Today is one of those days you should not log in to your retirement accounts. US stocks are facing relentless selling pressure as investors slash earnings outlook given unclear outlooks for economic growth and the US consumer. Today’s PPI report did little to change the outlook with inflation, which suggests pricing pressures remain uncomfortably high. Apple shares fell into bear market territory on worries that future earnings growth will remain in jeopardy given inflationary pressures are not decelerating sharply.
If you plan on taking advantage of some of these discounts, be warned that we haven’t seen capitulation just yet. Some traders on Wall Street believe that a stock market bottom is nearing, but confidence in that call is not really high.
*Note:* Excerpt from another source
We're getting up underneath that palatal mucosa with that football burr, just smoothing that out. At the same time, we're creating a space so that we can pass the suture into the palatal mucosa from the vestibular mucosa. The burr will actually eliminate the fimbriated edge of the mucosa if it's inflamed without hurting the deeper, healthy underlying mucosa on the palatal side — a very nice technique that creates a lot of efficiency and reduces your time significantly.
Persistent inflation, uncertainty with commodity prices impacted by the war in Ukraine, and China’s COVID situation are all short-term risks that could lead to aggressive tightening by the Fed later in the year, which is preventing some investors from taking advantage of the massive discounts across the stock market.
Cryptos rebound
Where do I begin? Stablecoin chaos and lost confidence with cryptos has now been followed by a rebound. Tether, a true stablecoin that is backed by assets, saw its 1 dollar peg to the dollar broken as contagion spilled over from the TerraUSD, the algorithmic stablecoin collapsed.
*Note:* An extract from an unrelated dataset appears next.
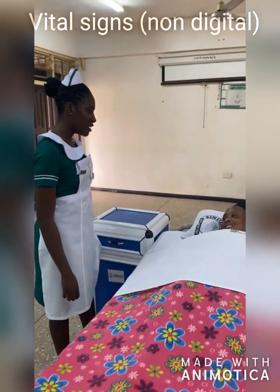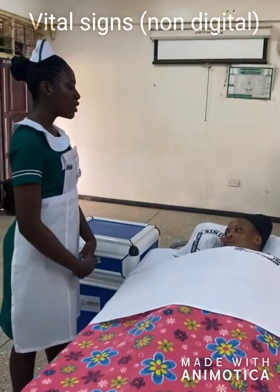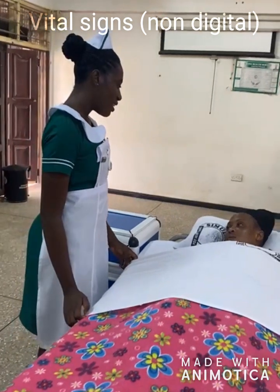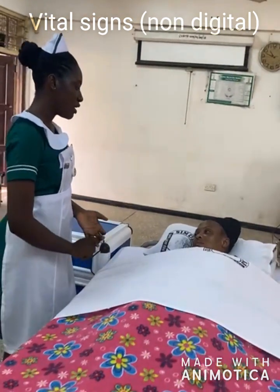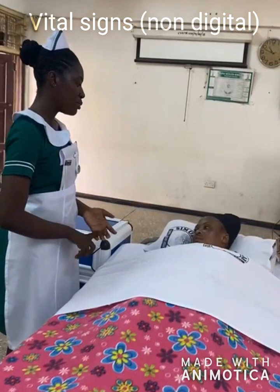Good morning, Sister Bende. How are you doing? This morning I'm here to check your vital signs. Am I allowed to do this? Thank you. So the vital signs I'll be checking for are your temperature, your blood pressure, your pulse, and respiration.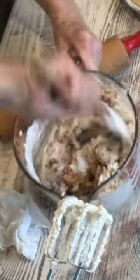I took five of the regular-sized Butterfinger bars and put them in a Ziploc bag so I could just beat them. Now I'm going to put almost all of it in here. Save maybe a half a cup out to sprinkle on top for decoration.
Bitcoin has been a casualty of the broader market selloff of risky assets, but the latest crisis with stablecoins triggered the collapse of the USD 30,000 level, which was a key entry point for many institutional investors. Confidence has been waning in the cryptoverse but it seems we are getting close to the end of the market sell-off.
Bitcoin has rebounded from USD 25,424, but this won’t last if risk appetite does not stabilize soon. Bitcoin is still vulnerable to one last plunge that could coincide with a stock market selloff, before many crypto investors feel the bottom is in place.